Typisch für den Okklusionsprozess eines Tiefdruckgebietes konzentrierten sich die höchsten Niederschlagsmengen um den Okklusionspunkt. Da das Frontensystem verhältnismäßig milde Meeresluft transportierte, glitt diese auf die dichtere und kältere Kontinentalluft Osteuropas auf. In der Folge kam es durch die somit entstandenen Hebungsprozesse zu den erwähnten Schneefällen, die bei der Passage der Okklusionsfront teilweise in gefrierenden Regen übergingen. In der Stadt Kiew z.B. wuchs dadurch die Schneedecke trotz der eingeflossenen milderen Luft von 24 cm am Vortag auf 29 cm an. Innerhalb von 12 Stunden zwischen 07 Uhr und 19 Uhr MEZ fiel dort eine Niederschlagsmenge von 8 l/m². Westrussland gelangte im Tagesverlauf auch in den Einflussbereich der Fronten, wobei die Niederschlagsmengen, wie in Smolensk mit 4 l/m² innerhalb von 12 Stunden, etwas geringer ausfielen.

Während die Verlagerungsgeschwindigkeit der Zyklone im Tagesverlauf deutlich zurückging, begann sich das Tief zu teilen. Bis zum Morgen des 1. Februar konnten zwei Tiefkerne über Skandinavien lokalisiert werden. Das Zentrum LENNART I wurde knapp vor der norwegischen Küste bei Tromsö mit einem Druck von etwa 975 hPa analysiert. Das Zentrum LENNART II, dessen Druck ca. 980 hPa betrug, befand sich an der Nordküste des Bottnischen Meerbusens direkt an der Grenze zwischen Schweden und Finnland. Während Tief LENNART II frontenlos war, besaß das erste Zentrum ein umfangreiches Frontensystem. Das Frontensystem des Tiefs LENNART I setzte sich hingegen aus einer langgestreckten Okklusionsfront zusammen, die sich zunächst hakenförmig wenige Hundert Kilometer um Nordskandinavien herum bis zur russischen Stadt Archangelsk erstreckte. Von dort aus reichte sie in süd- bis südwestlicher Richtung über Moskau und die Halbinsel Krim bis zur nordwesttürkischen Schwarzmeerküste. Zudem spaltete sich eine Warmfront von der Okklusion ab. Diese reichte von der Mitte eines gedachten Dreiecks zwischen dem Nordkap, Spitzbergen und der russischen Insel Nowaja Semlja bis zur Jenesseieinmündung in die Karasee.

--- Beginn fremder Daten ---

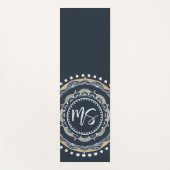 マンダラブルーホワイトパーソナライズされた ヨガマット (正面)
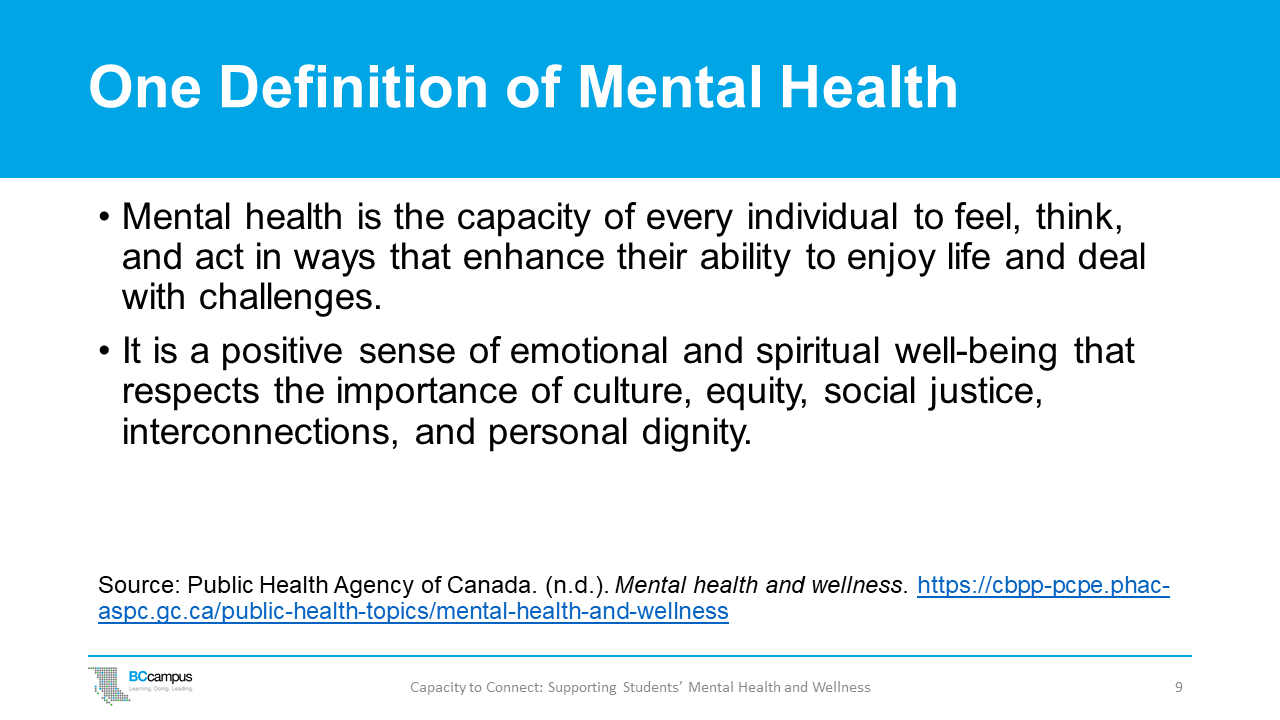 slide 9: one definition of mental health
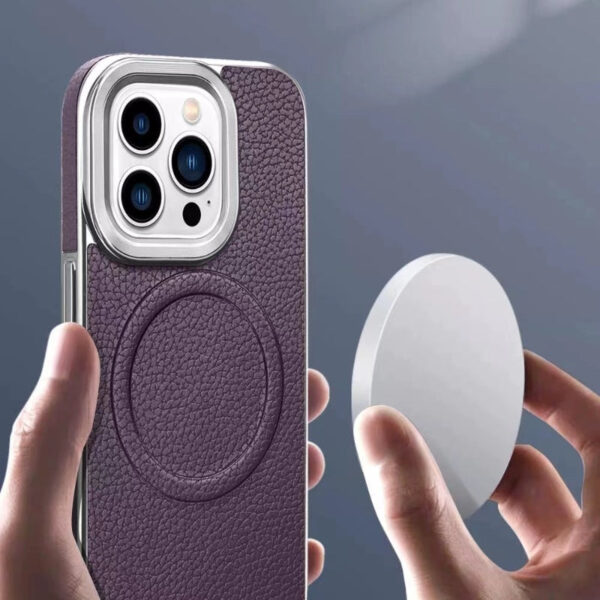 Genuine Leather Phone Case: with Wireless Charging and Strong Magnetic Design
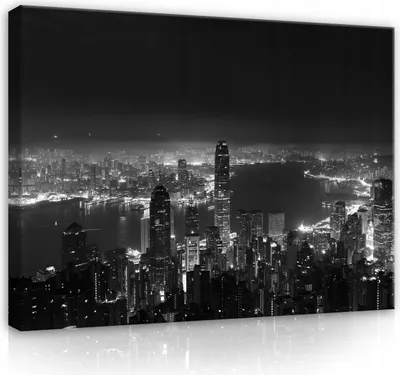 Zdjęcie produktu dla Obrazy na Płótnie Miasto Nocą Czarny 120x80 cm XXL Nowoczesny Obraz na Płótnie Obrazy na Płótnie Fototapety Salon Sypialnia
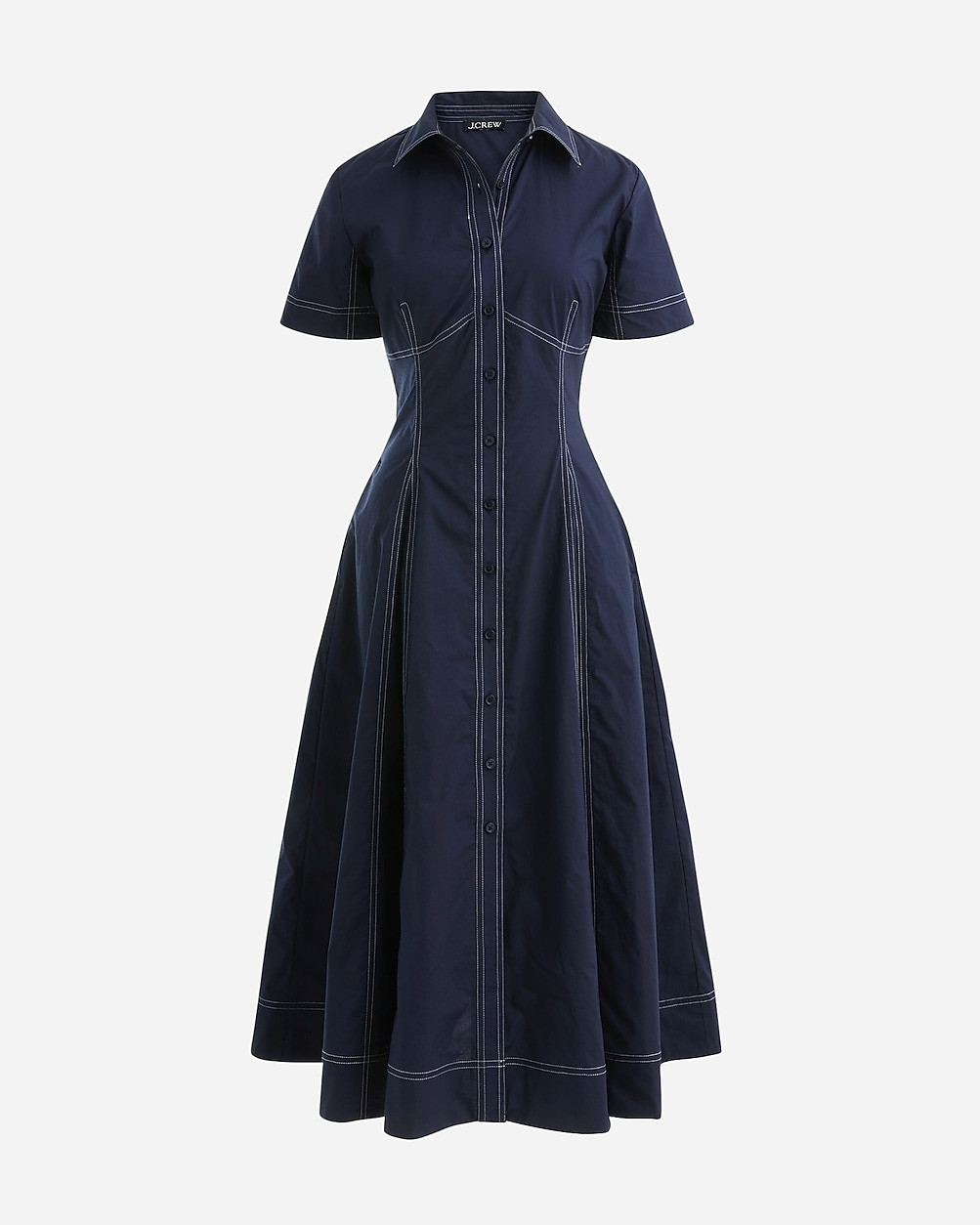 Contrast-trim cotton poplin shirtdress | J. Crew US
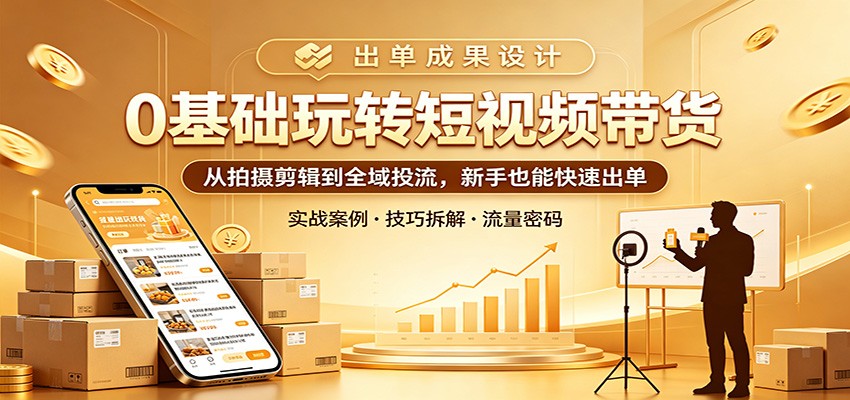 0基础玩转短视频带货:从拍摄剪辑到全域投流,新手也能快速出单_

An der Okklusionsfront hielten die überwiegend leichten Aufgleitschneefälle an, wobei sich der Schwerpunkt auf den Nordwesten Russlands konzentrierte. Auf der Rückseite der Okklusion gab es hingegen Schnee- und Regenschauer, die am frühen Morgen das Wettergeschehen in Weißrussland dominierten. Aufgrund der Schneefälle wurden im westlichen Russland bis zum folgenden Tag meist Niederschlagsmengen um 1 bis 2 l/m² ermittelt. An einzelnen Stationen, wie z.B. in St. Petersburg, konnten 4 l/m² oder etwas mehr registriert werden.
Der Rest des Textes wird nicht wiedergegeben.